▶ **Task goal**
Drop every picture, then repeat the records exactly.

Records contained in a dataset
⁂
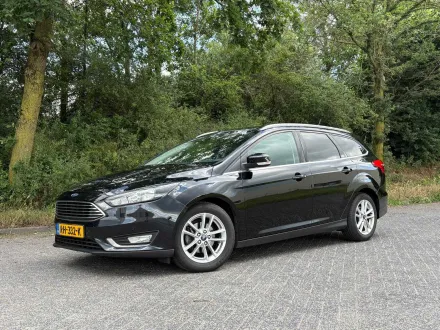 Ford - 2017 - Focus Kombi - 1.0 Titanium - Pkw – RESALE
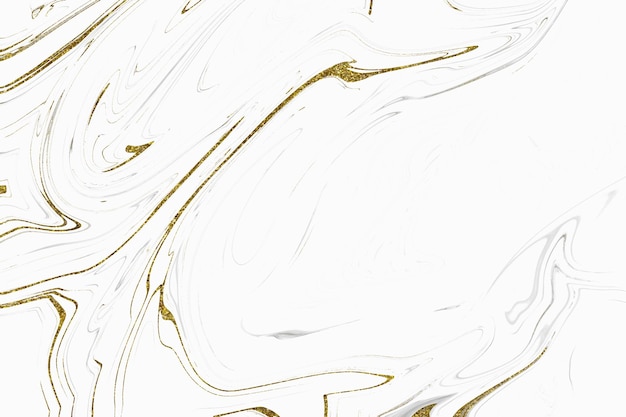 Gold marble abstract background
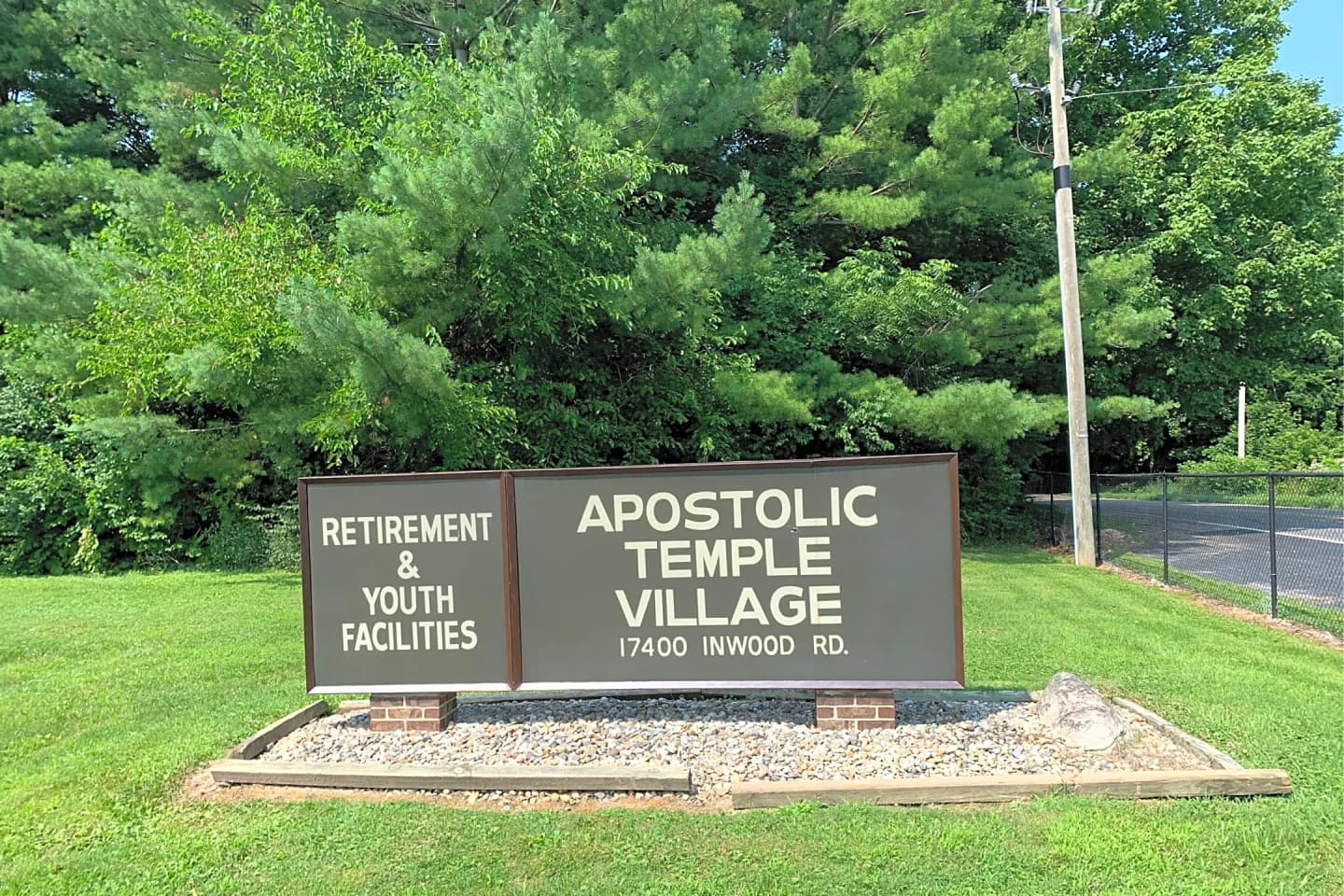 Apostolic Temple Village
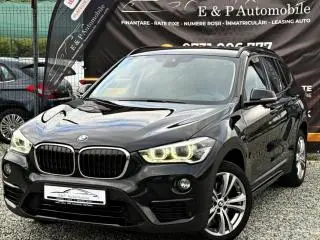 BMW X1 sDrive18d Aut. Advantage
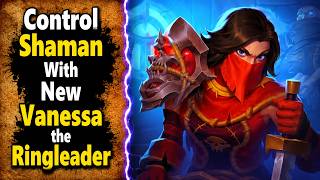 Control Shaman Hearthstone Cataclysm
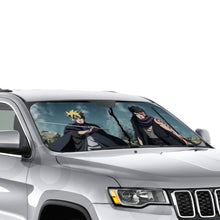 Load image into Gallery viewer, Anime Boruto Car Sunshade
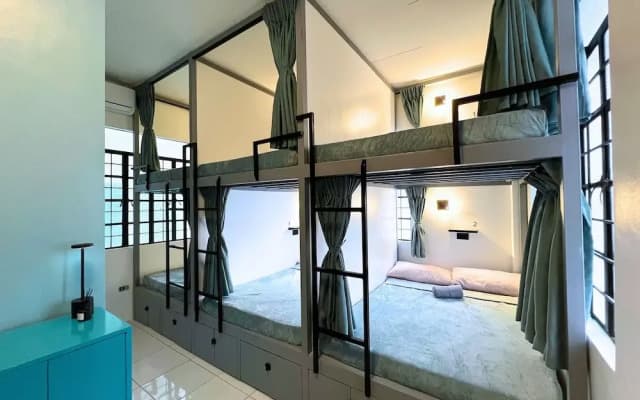A Casa Portuguesa Coron Boutique Hostel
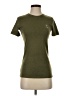 Assorted Brands Green Short Sleeve T-Shirt Size XS - photo 1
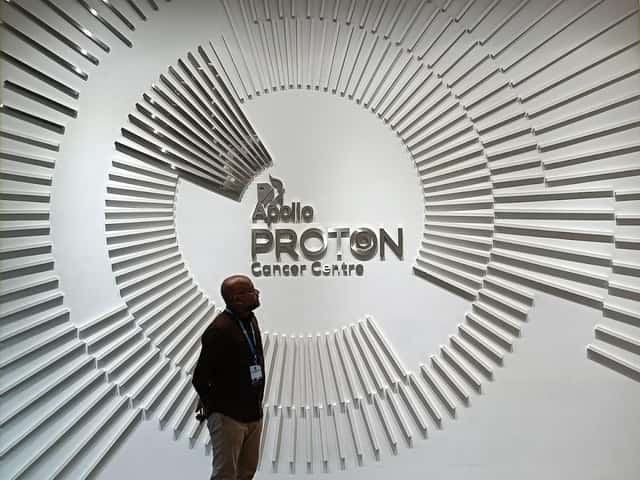 Apollo Proton Cancer Centre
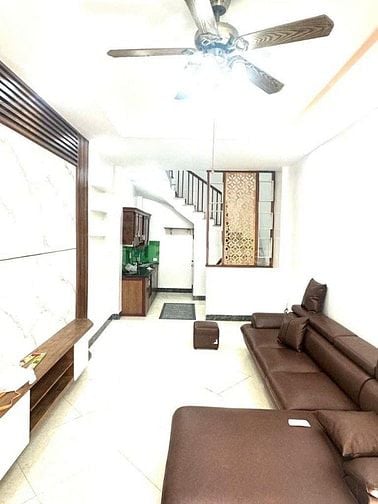 Bán nhà Ngũ Nhạc – Ô tô đỗ cửa – 36m² – 5 tầng – Chỉ 7,38 tỷ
⁂
▶ **Output of the exercise**
 Ford - 2017 - Focus Kombi - 1.0 Titanium - Pkw – RESALE
 Gold marble abstract background
 Apostolic Temple Village
 BMW X1 sDrive18d Aut. Advantage
 Control Shaman Hearthstone Cataclysm
 Load image into Gallery viewer, Anime Boruto Car Sunshade
A Casa Portuguesa Coron Boutique Hostel
 Assorted Brands Green Short Sleeve T-Shirt Size XS - photo 1
 Apollo Proton Cancer Centre
 Bán nhà Ngũ Nhạc – Ô tô đỗ cửa – 36m² – 5 tầng – Chỉ 7,38 tỷ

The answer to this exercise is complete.